Skip to content

Fat Boy Slim – Palookaville

As I recover from my tryptophan haze, one thing I’m grateful for this year is that Norman Cook saw to it that his fanny got going on a new album. And he’s delivered. I felt like a kid at Christmas unwrapping Palookaville in great anticipation, just waiting for those first juicy chords to come through my speakers.

 

Like hearing from an old friend, those happy go lucky, dance till I drop dead feelings all came back. Now in his forth chapter, the man that is Fat Boy Slim has done it again, using old song identities, samples, a Benetton variety of vocalists, and craft for making funk, soul, disco, and rock all come together with perfect persuasion.

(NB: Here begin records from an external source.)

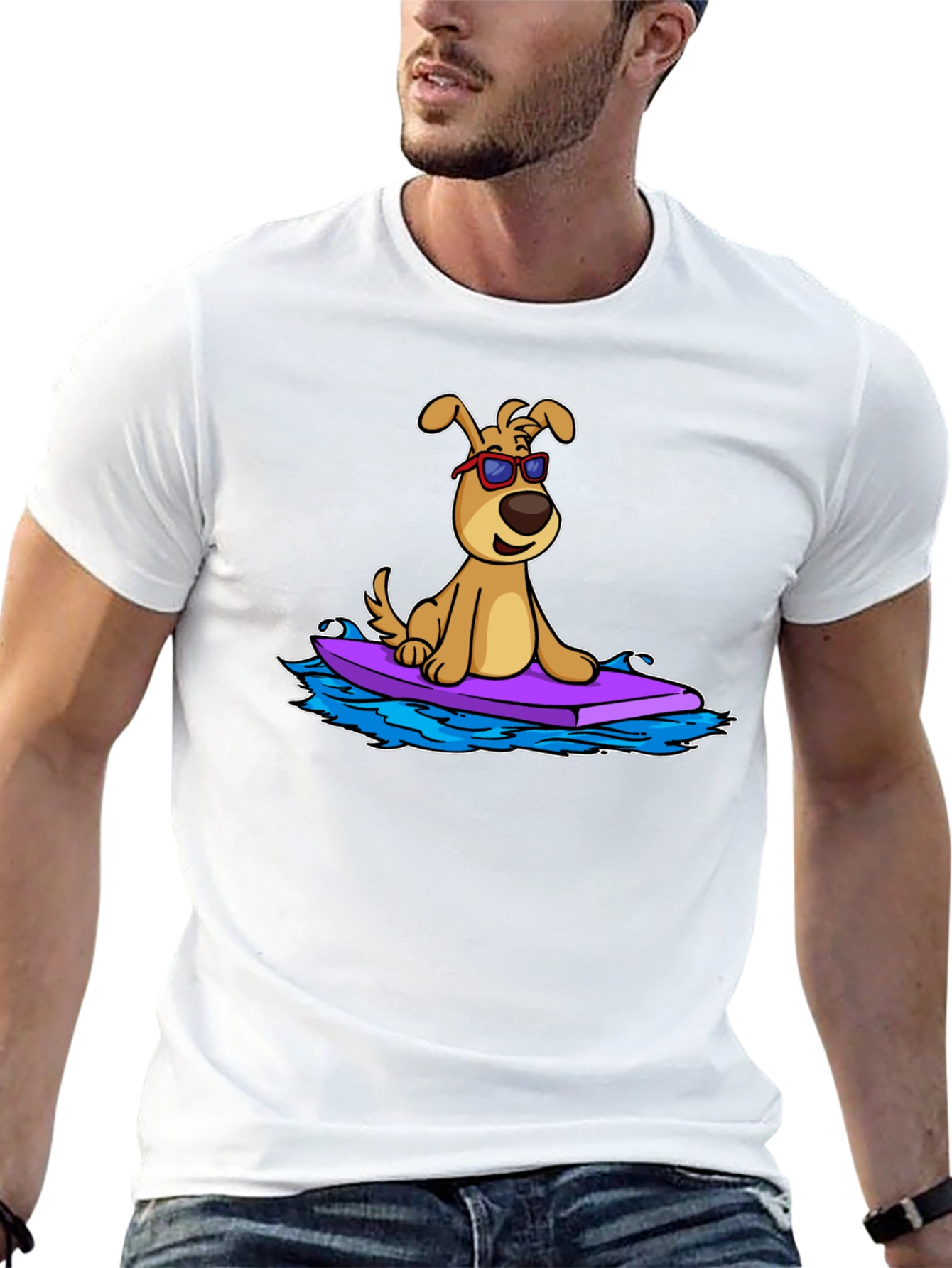 Dog Surfing T-Shirt - Cool Cartoon Graphic Tee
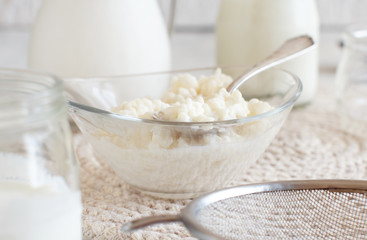 Kefir grains and  fermented drink kefir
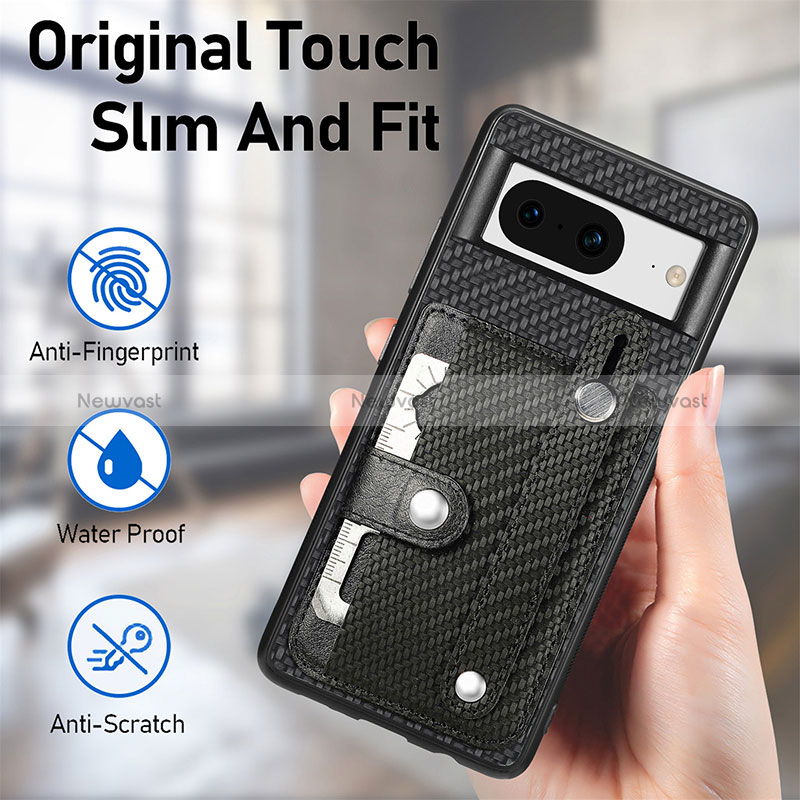 Ultra-thin Silicone Gel Soft Case Cover with Magnetic S04D for Google Pixel 8 5G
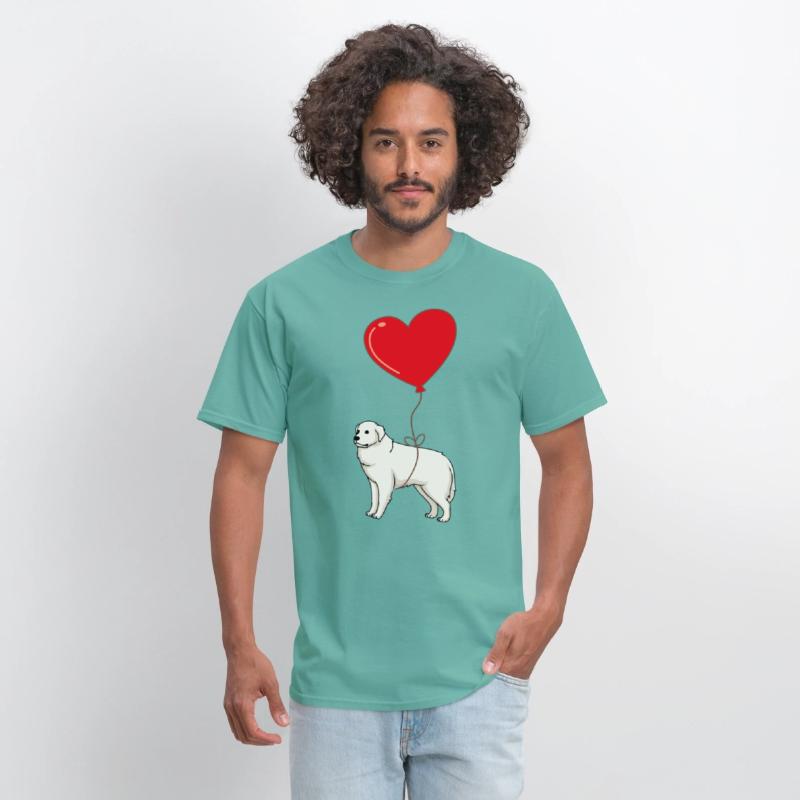 Great Pyrenees With Heart Balloon Valentines Day
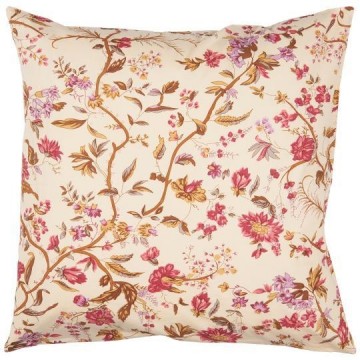 Pudebetræk Adele beige m/lilla og rosa blomster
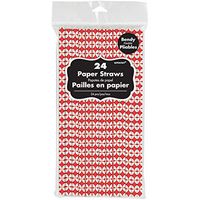 Amscan 461003.4 Tableware Diamond Straws, 7 3/4" x 1/4", Apple Red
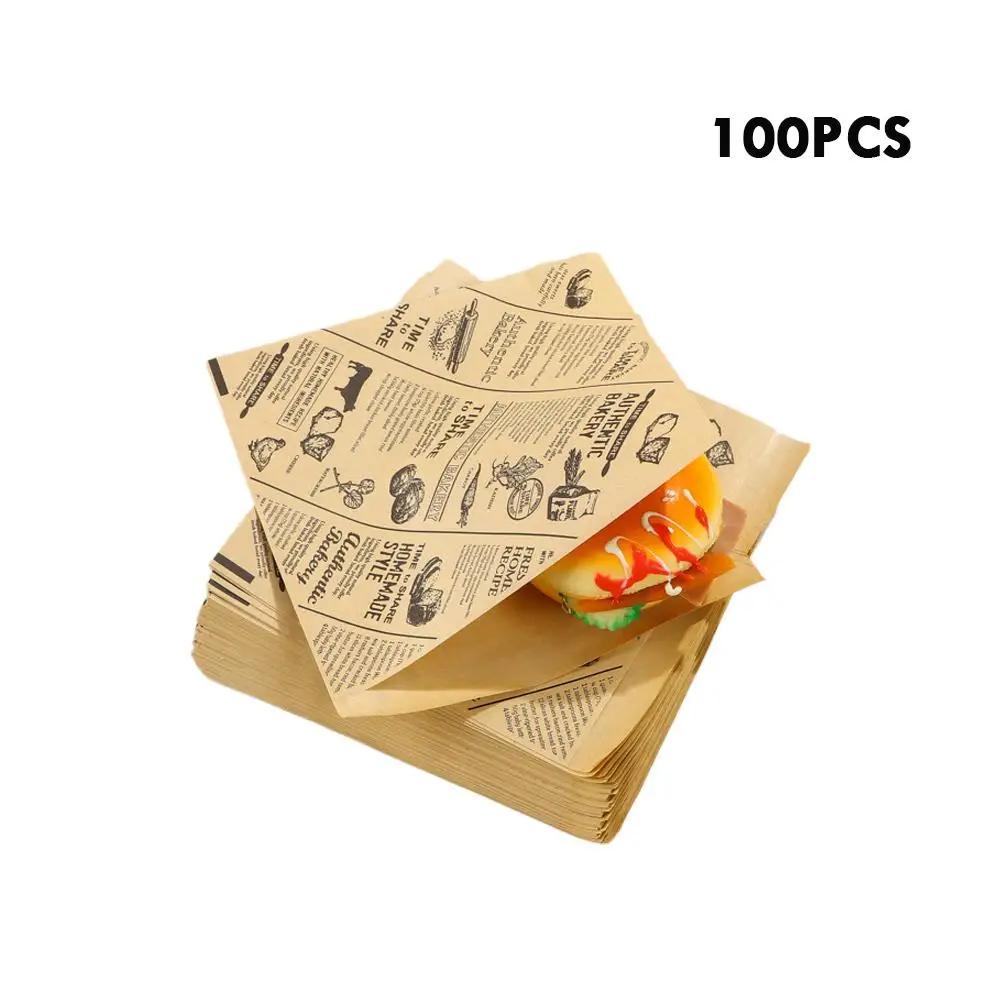 Food-Grade Greaseproof Parchment Paper Sheets for Burgers, Sandwiches, Fast Food Packaging, Bakery Liner Rolls, Brown Disposable Non-Stick Food Wrapping Paper – 100 Sheets Set - 图片 8
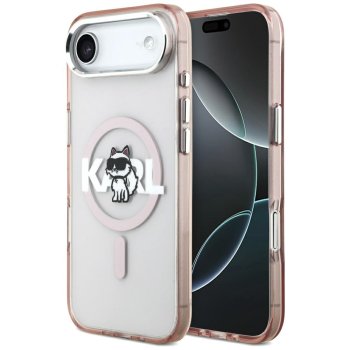 Karl Lagerfeld IML Choupette Sketch Logo MagSafe dėklas iPhone 17 Air, rožinis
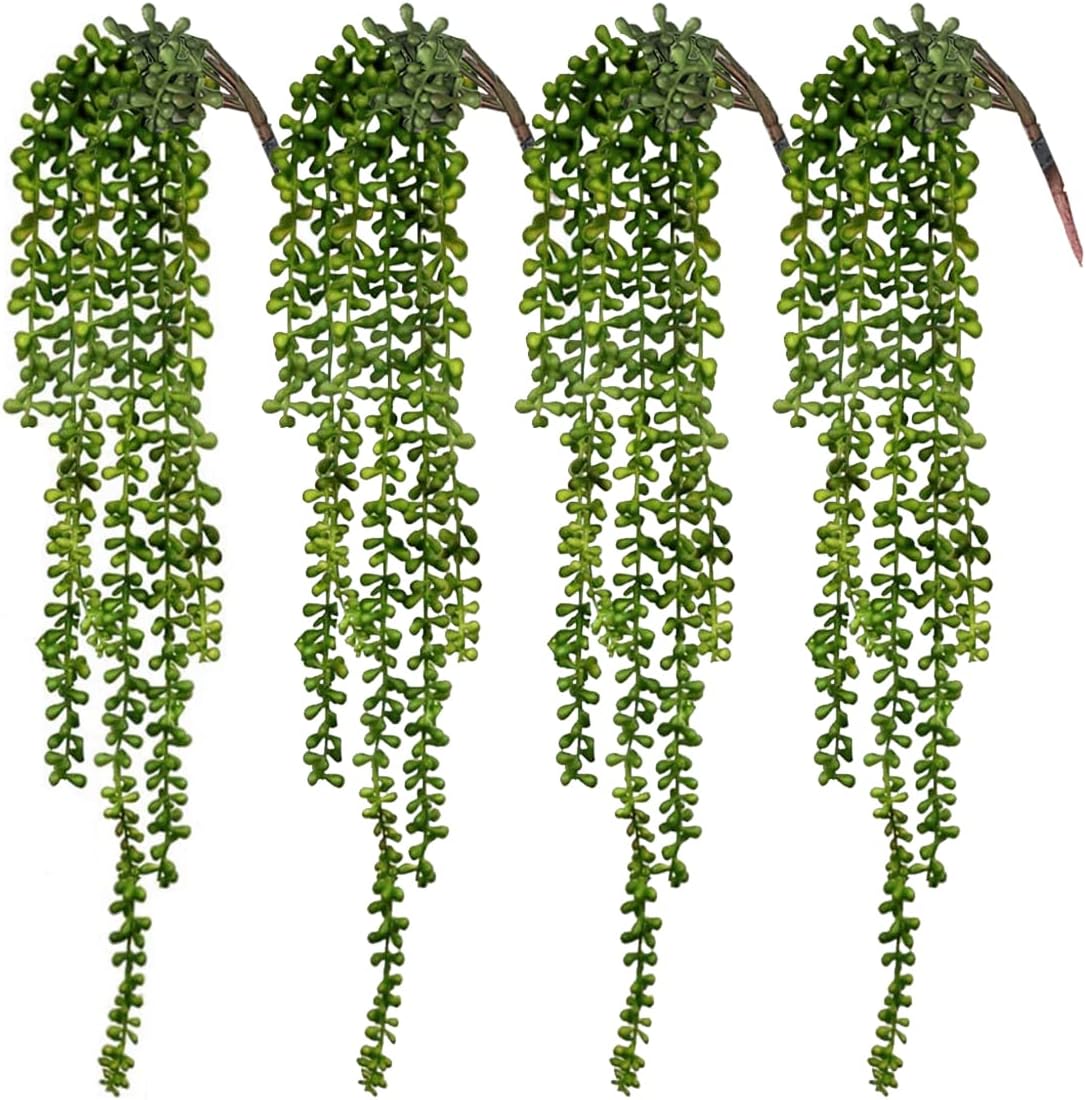 CEWOR 8 Pcs Artificial Succulents Hanging Greenery Plants Fake String of Pearls for Wall Home Garden Outdoor Decor (24 Inches Each Length)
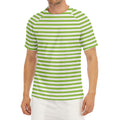 Green And White Striped Pattern Print Men's Short Sleeve Rash Guard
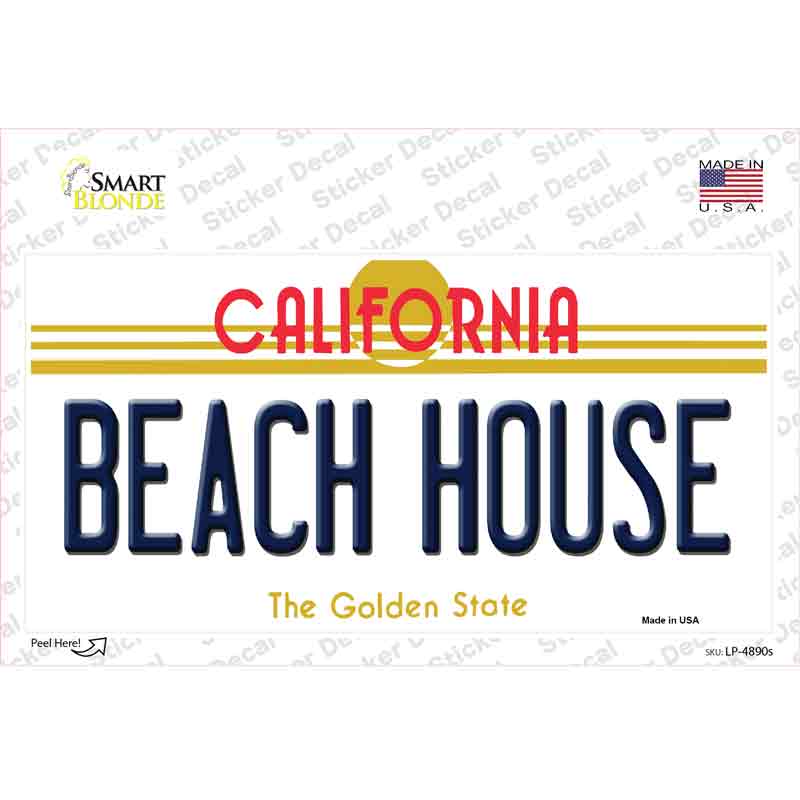 LP-4890s-M Beach House California Novelty Sticker Decal - Medium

Where Norman has turned is adding more cooks to the kitchen, bringing in musicians and putting his heavy usage of samples on the backburner, using them more as icing than the whole cake. He even dug back into his Housemartins days (a trivia question I’ve used on my old radio show) to dust off his bass and join in.

The other cooks are of course, those vocalists that give each songs that added human warmth and depth than your typical, computerized dance track: Justin Robertson’s sexy seduction on “Push and Shove,” booty shaking soul of Lateef on “Wonderful Night” and “The Journey,” and psychedelic rockin’ beats of “Long Way From Home” featuring vocals and guitar from Jonny Quality, who met Norman by coincidence at a gig in their mutual home-town of Brighton.

This is a definite A++ addition to the year in music, 2004.